Several years ago I was in Finland, just a few months after the first iPhone was launched, talking to several Nokia designers. It was very clear that these designers did not see the innovation that Apple had delivered in the iphone, and felt strongly that Nokia would not be challenged by this “temporary and ultimately failed” incursion into mobile phones by Apple. This shocked me at the time, and made me realise that Nokia-think had even pervaded the design department who should have seen the iphones desirability. This made me realise that although Nokia was often described as a design-focussed company, the reality was different. I dug a little deeper and found that product development at Nokia was pretty much out of date with contemporary strategic-design thinking. There was a great division between hardware design, and software design. For the 8810, this didn’t matter too much. The phone had limited functionality, and the software platform they had developed gave them a great interface that lasted over several years. They had made a really user-friendly platform, that could remain consistent over several generations of phones. And this made people trade from Nokia to Nokia, just to keep the platform and the user friendliness. However, as functionality started to change very quickly, this inability to design the holistic experience by integrating hardware and software, turned out to be their achilles heel.

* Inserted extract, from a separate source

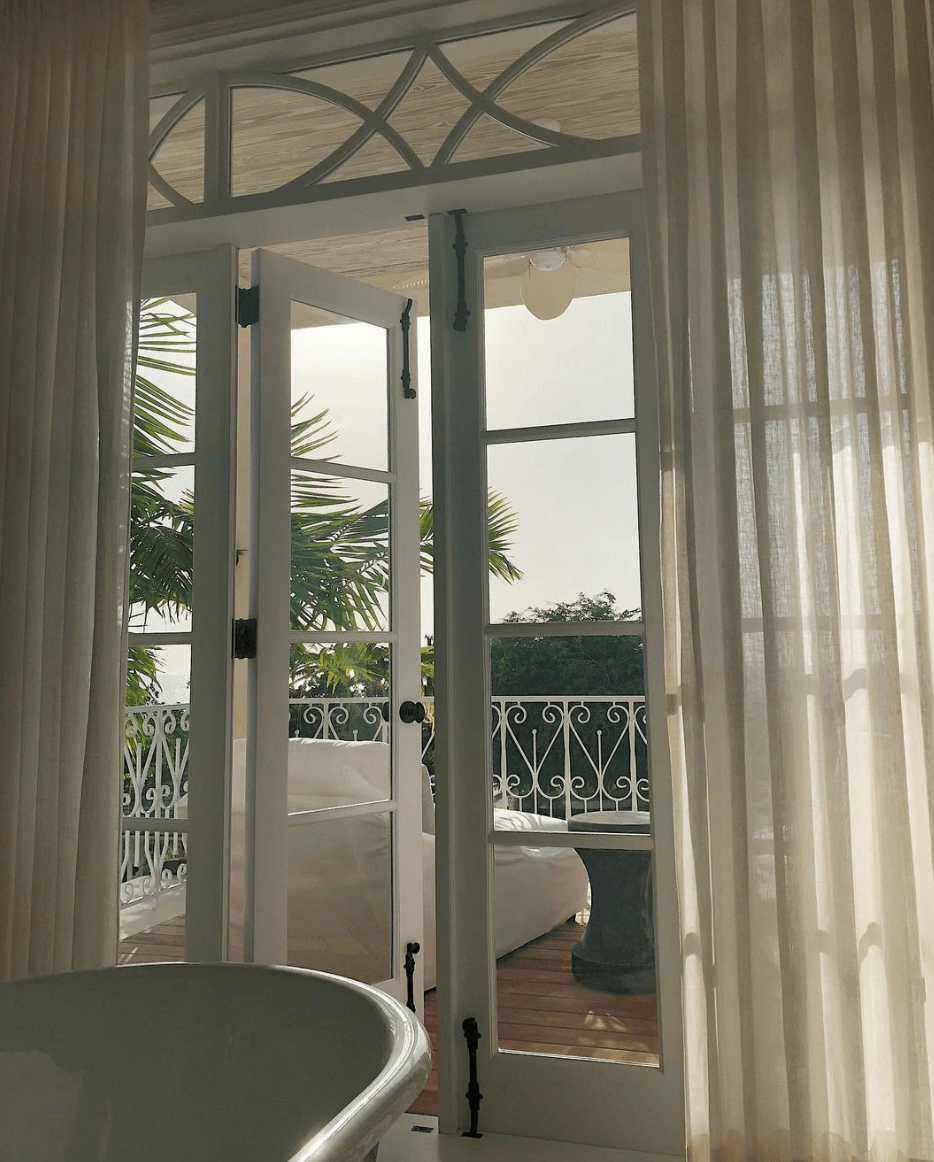 Kylie Jenner posted this on Instagram with a caption "be you, do you, for you.."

Last year, Nokia launched the Nokia N8. This was Nokias stop-gap attempt to counter the runaway success of the iPhone. But, I was amazed to see how Nokia framed the N8. It was like a flashback to 1997, but the tables were turned. Suddenly, Nokia were advertising the phone on its functionality – megapixels and HD video rather than the experience this gives the customer. They had become Ericsson anno. 1997.
The experience was hardly mentioned in the adverts. The way the phone supported your personal identity, individuality and expression were secondary. This saddened me greatly, because it seemed very obvious that Nokia had never really understood design. They had had a superficial understanding of design as being the physical package rather than the whole, and it made the famous quote by Steve Jobs stand out in stark contrast:
“Design is not just what it looks like and feels like – Design is how it works.† Steve Jobs
So, I have begun to question whether Nokia really ever understood design. I think they got lucky in 1997. The market somehow made them feel that they were focussed upon design, whilst internally they were building an organisation that viewed design superficially. They separated software and hardware design and made good design almost impossible. As time went on, this separation became even more apparent through the adoption of symbian. The market wanted holistic experiences and Nokia was digging itself into an organisational structure that made them unable to deliver.
So, what of the recent announcement of a collaboration between Nokia and Microsoft? If you look at the trajectory described above, then it fits in very well. Nokia is still looking to separate software and hardware in terms of design. Responsibility for the customer experience will be where? The holistic concept that integrates hardware, software and service will be where? Desirability will come from where? I just cannot see how this can be anything other than a retrograde step in the long-term. However, I can understand that this makes sense in the short-term. Nokia gets an operative system that works and gets a short cut to a good user experience. However, I think that down the line, Nokia will find that they have now swapped places with their arch rival, Ericsson, in 1997. They are now the company that talks functions and not experiences. As Nokia already know, but perhaps have not understood, Desirability trumps functionality each and every time. This leaves them very open to competition from others that understand desirability. And as we know, there are a couple of those around.